Jesús Pombo, at the helm of Poncelet – the best-stocked cheese shop in Madrid – foresaw the golden age of artisanal cheeses, and is today its messiah. His temple, next to the shop, is the Poncelet Cheese Bar, a meeting point bringing the public and cheese together. As an economist he understands Big Data and restaurant management to a T, and this year will appear at Madrid Fusión to offer an in-depth look at a topic that ‘allows restaurant owners to make the best decisions and improve customer experience.’ Let’s celebrate the New Year with him.
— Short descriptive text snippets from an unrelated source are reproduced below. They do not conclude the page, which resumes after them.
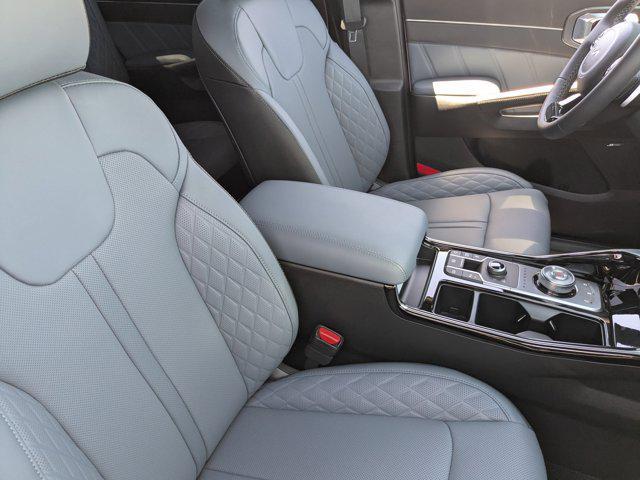 new 2025 Kia Sorento Hybrid car, priced at $48,787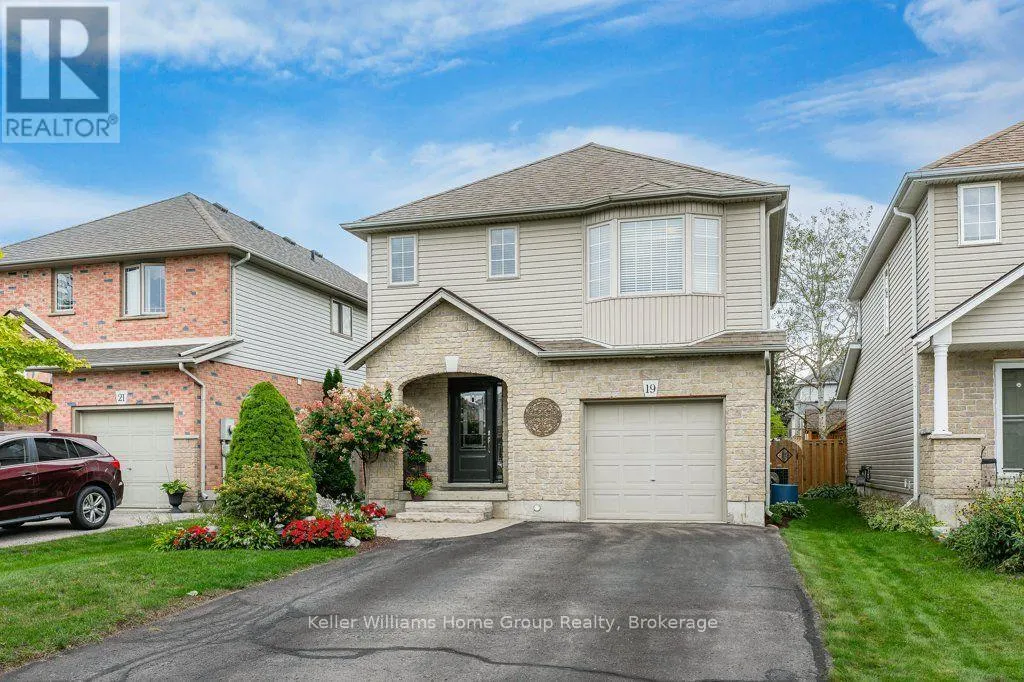 19 PEGLAR CRESCENT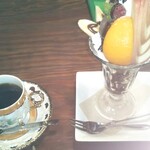 雪詩慕雲 - ８月限定のパプアニューギニアハイランドスウィート、チョコレートパフェ。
How can Big Data help restaurant owners?
Big Data must help us to adapt to – and anticipate – our customers’ decisions: to know what they are going to order before they do so (making pricing more effective…); know how many people will be at a given seating (staff efficiency…); which dishes they like (adjust the menu…); etc. When all this information has been gathered, it can be used to improve what you offer; in other words, you can draw on Big Data to make the best decisions and improve customer experience. Day-to-day actions, such as those described above, together with many others, produce an enormous amount of information which, after being treated and analysed, can be transformed into more personalized experiences for customers.
So, the goal is to personalize experiences?
One of the goals of Big Data is to offer each customer a unique experience based on their behaviour and preferences – extrapolated from previous visits to your premises. Another is to adapt it to the changing conditions your restaurant might undergo, such as a daily menu, and to other external factors (seating numbers, the weather, restaurant seating layout, etc).
Explain to us your experience of using this technology.
At Poncelet we have developed an algorithm to predict sales, volume, average bill, seating numbers depending on the season and weather temperature, rain or other kinds of climatic circumstances. Given these conditions, and using association rule learning (a rule-based machine-learning method), we can design the kind, or variety, of dishes that our customers might consume on a particular day, or days, and according to a specific situation. We can thus determine which dishes on the menu will be the most ordered by our customers on a particular day, at a particular time or season, or by a specific customer segment. Using all of this, we can forecast management and optimize purchases and human resources.
Data, and results that are advantageous for both parties.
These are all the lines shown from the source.